The vacancy rate for the municipality, in 2008, was 2.45%. As of 2007, the construction rate of new housing units was 4.5 new units per 1000 residents. In 2000 there were 1,132 apartments in the municipality. The most common apartment size was the 4 room apartment of which there were 381. There were 39 single room apartments and 112 apartments with six or more rooms. As of 2000 the average price to rent an average apartment in Horn was 1056.30 Swiss francs (CHF) per month (US$850, £480, €680 approx. exchange rate from 2000). The average rate for a one-room apartment was 482.61 CHF (US$390, £220, €310), a two-room apartment was about 806.76 CHF (US$650, £360, €520), a three-room apartment was about 974.84 CHF (US$780, £440, €620) and a six or more room apartment cost an average of 1509.00 CHF (US$1210, £680, €970). The average apartment price in Horn was 94.7% of the national average of 1116 CHF.

In the 2007 federal election the most popular party was the SVP which received 39.71% of the vote. The next three most popular parties were the CVP (22.13%), the FDP (13.85%) and the SP (12.23%). In the federal election, a total of 687 votes were cast, and the voter turnout was 42.3%.

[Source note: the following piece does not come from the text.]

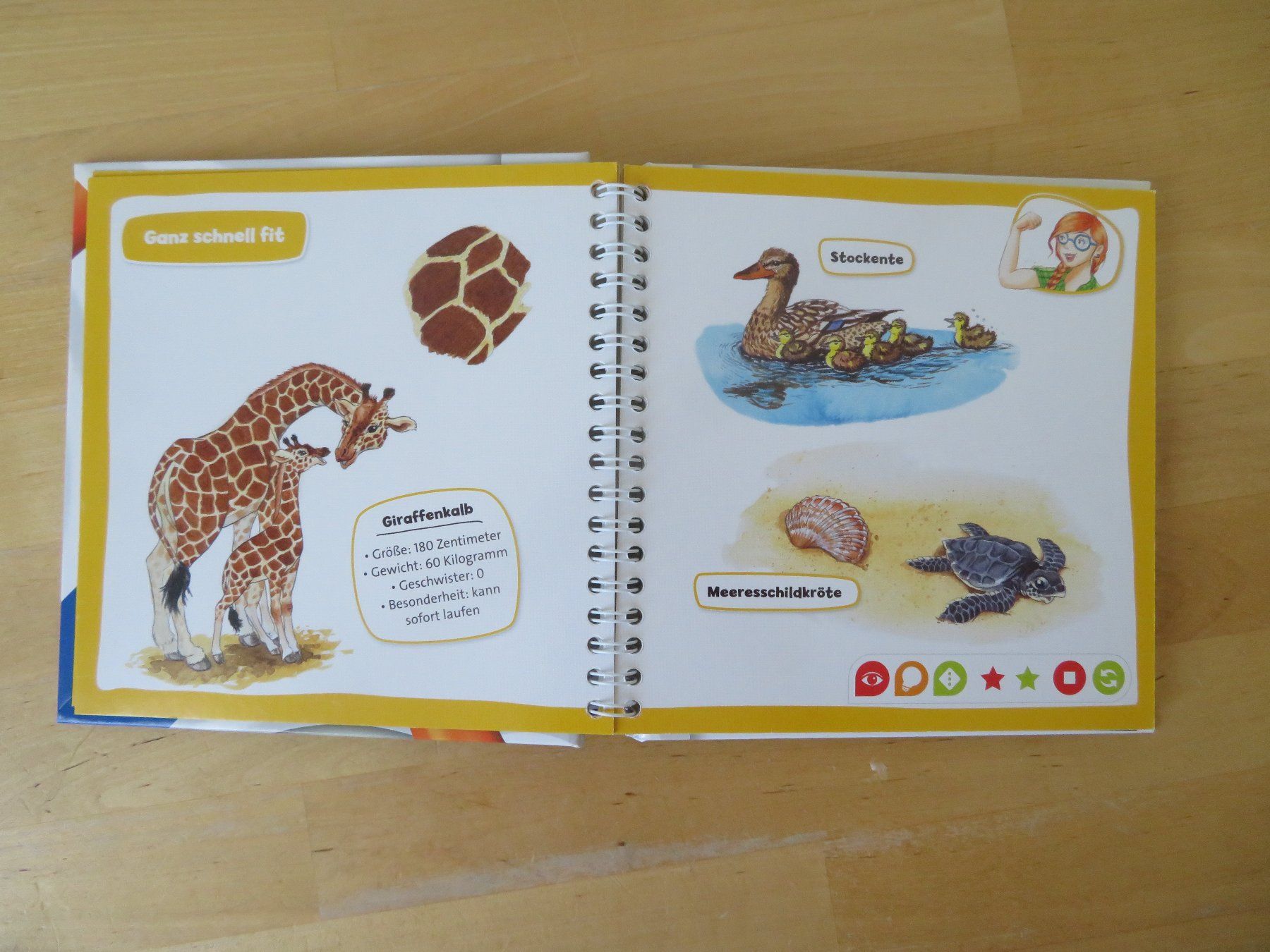 Libri: TIP TOI Pocket "Tierkinder" – Usato da Zürich venduto da piroma 1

The historical population is given in the following table:

| year | population |
|---|---|
| 1850 | 403 |
| 1900 | 700 |
| 1950 | 1,288 |
| 1980 | 1,909 |
| 1990 | 2,218 |
| 2000 | 2,421 |

==Economy==
As of In 2007 2007, Horn had an unemployment rate of 1.64%. As of 2005, there were 22 people employed in the primary economic sector and about 8 businesses involved in this sector. 350 people are employed in the secondary sector and there are 28 businesses in this sector. 684 people are employed in the tertiary sector, with 98 businesses in this sector.

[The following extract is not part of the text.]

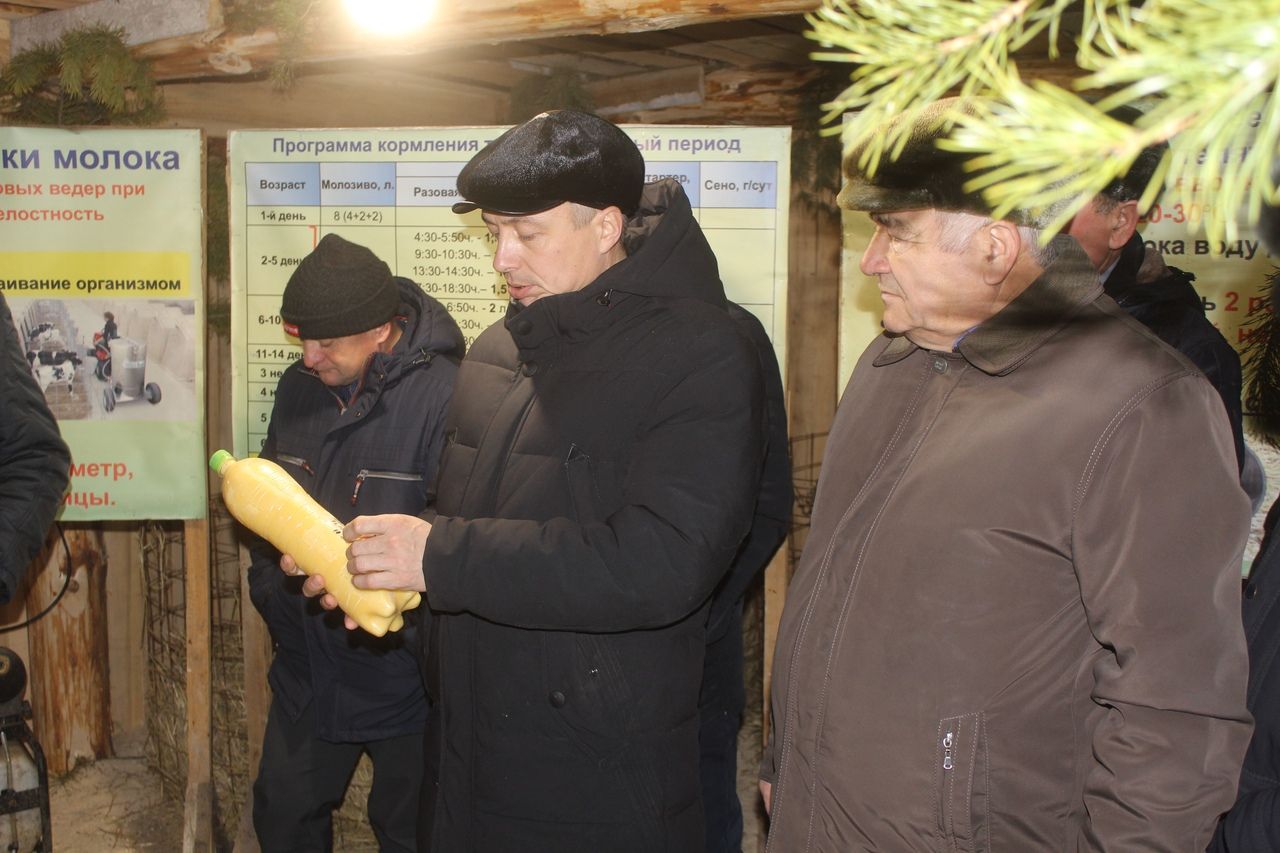 Главой Дрожжановского района поставлена задача увеличить производство молока в  2020 году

In 2000 there were 1,599 workers who lived in the municipality. Of these, 863 or about 54.0% of the residents worked outside Horn while 711 people commuted into the municipality for work. There were a total of 1,447 jobs (of at least 6 hours per week) in the municipality. Of the working population, 8.2% used public transportation to get to work, and 51.6% used a private car.

==Religion==
From the 2000 census, 1,161 or 48.0% were Roman Catholic, while 824 or 34.0% belonged to the Swiss Reformed Church. Of the rest of the population, there were 2 Old Catholics (or about 0.08% of the population) who belonged to the Christian Catholic Church of Switzerland there are 32 individuals (or about 1.32% of the population) who belong to the Orthodox Church, and there are 36 individuals (or about 1.49% of the population) who belong to another Christian church. There were 65 (or about 2.68% of the population) who are Islamic. There are 6 individuals (or about 0.25% of the population) who belong to another church (not listed on the census), 211 (or about 8.72% of the population) belong to no church, are agnostic or atheist, and 84 individuals (or about 3.47% of the population) did not answer the question.

==Education==
The entire Swiss population is generally well educated. In Horn about 77.6% of the population (between age 25-64) have completed either non-mandatory upper secondary education or additional higher education (either university or a Fachhochschule).

Horn is home to the Horn primary and secondary school district. In the 2008/2009 school year there are 193 students. There are 43 children in the kindergarten, and the average class size is 21.5 kindergartners. Of the children in kindergarten, 22 or 51.2% are female, 4 or 9.3% are not Swiss citizens and 4 or 9.3% do not speak German natively. The lower and upper primary levels begin at about age 5-6 and lasts for 6 years. There are 67 children in who are at the lower primary level and 83 children in the upper primary level. The average class size in the primary school is 18.75 students. At the lower primary level, there are 28 children or 41.8% of the total population who are female, 11 or 16.4% are not Swiss citizens and 9 or 13.4% do not speak German natively. In the upper primary level, there are 36 or 43.4% who are female, 14 or 16.9% are not Swiss citizens and 13 or 15.7% do not speak German natively. At the secondary level, students are divided according to performance.

The secondary level begins at about age 12 and usually lasts 3 years. In Horn, there are 76 teenagers who are in special or remedial classes, of which 42 or 55.3% are female, 4 or 5.3% are not Swiss citizens and 4 or 5.3% do not speak German natively.